MANILA, Philippines — A House panel has “approved in principle” a measure seeking to create a state-owned sovereign wealth fund aimed at maximizing the profitability of investible government assets.
The House banks and financial intermediaries committee approved in principle on Tuesday House Bill No. 6398, or the Maharlika Investments Fund Act.
The approval of the bill is subject to amendments to be proposed by a technical working group (TWG) created to fine-tune the bill filed by Speaker Martin Romualdez and six other lawmakers.
House deputy majority leader Rep. Antonio Albano moved to have the measure approved in principle and to have the TWG refine it further.
House banks and financial intermediaries panel chair Rep. Irwin Tieng approved the motion, while referring the same bill to the House ways and means committee for its tax provision and the House appropriations panel for its budgetary provision.
The bill was filed a day before by Romualdez, majority leader Manuel Jose Dalipe, senior deputy majority leader Ferdinand Alexander Marcos, Tingog Reps. Yedda Marie Romualdez and Jude Acidre, and House appropriations panel senior vice chair Rep. Stella Luz Quimbo on Monday.
The proposed Maharlika Wealth Fund will be an investment fund with resources primarily drawn from contributions from the Government Service Insurance System (GSIS), Social Security System (SSS), Land Bank of the Philippines, and Development Bank of the Philippines (DBP).
The measure proposes an initial investment of P250 billion from the GSIS, SSS, LandBank, and DBP, as well as P25 billion from the national government.

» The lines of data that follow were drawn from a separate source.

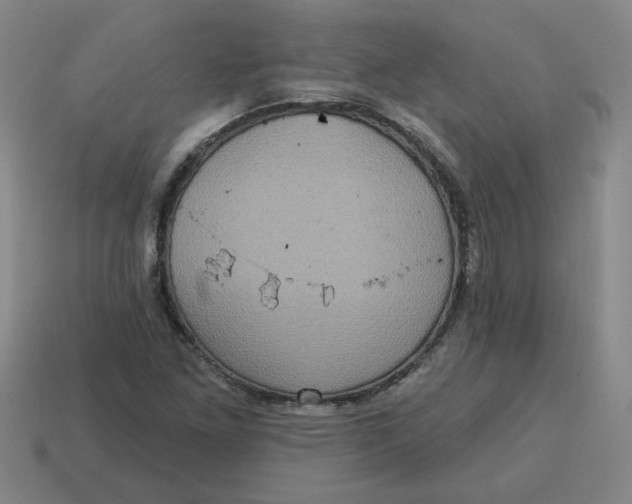 X0000114421261200911061615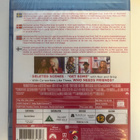 Like a Boss (Blu-ray) Rose Byrne, Salma Hayek (2019) UUSI - pikkukuva 2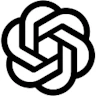 OpenAI Logo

Subsequent annual contributions may come from the Bangko Sentral ng Pilipinas, Philippine Amusement Gaming Corp., and the national budget.

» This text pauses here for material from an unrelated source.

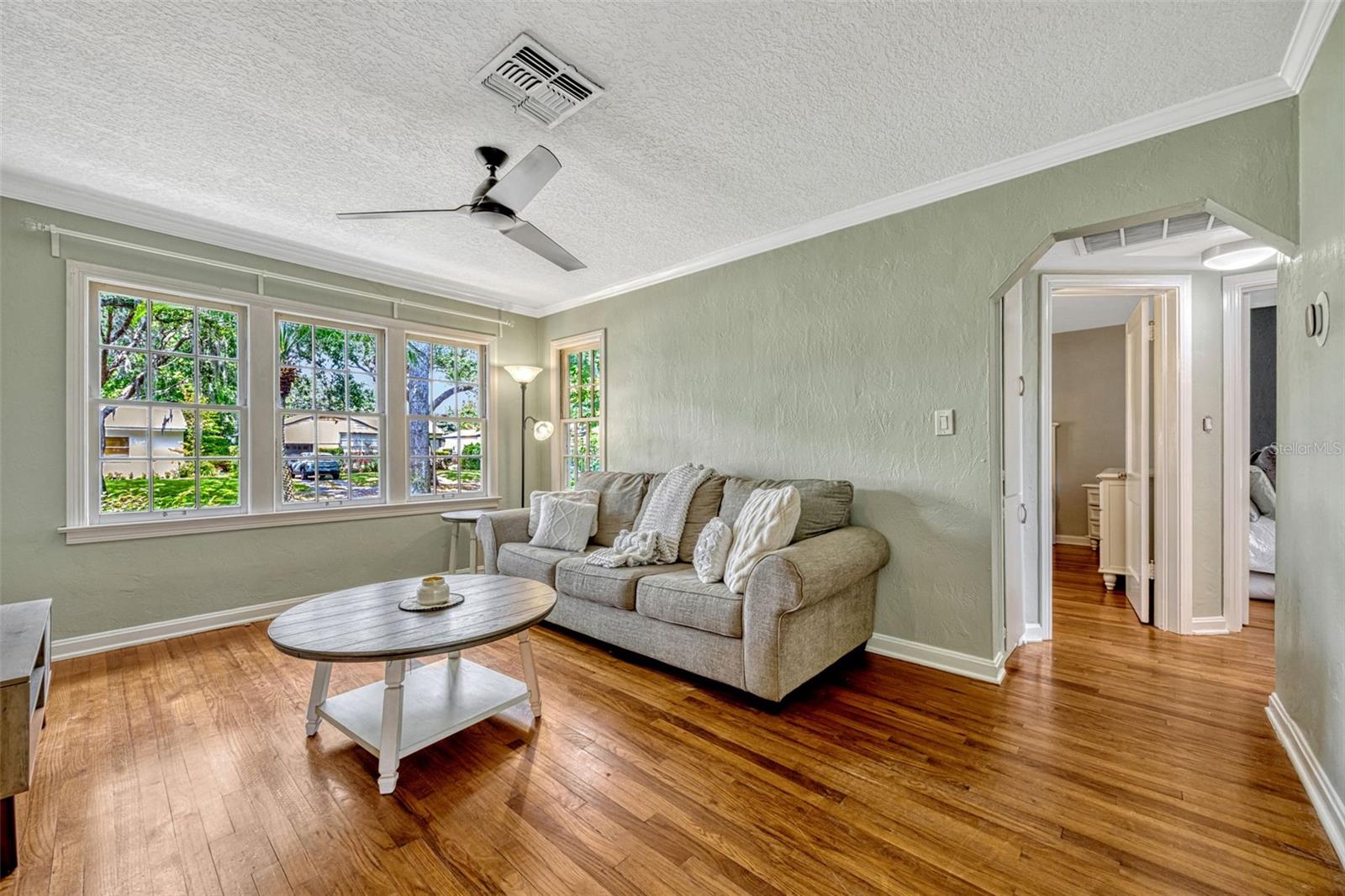 2020 PALMER ST, ORLANDO, FL, 32803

Allowable investments may range from cash, foreign currencies, metals, fixed-income instruments, domestic and foreign corporate bonds, listed or unlisted equities, mutual and exchange-traded funds, commercial real estate and infrastructure projects, etc.
A Maharlika Investment Corp. will be helmed by a nine-man board of directors, whose members will represent the contributing government financial institutions.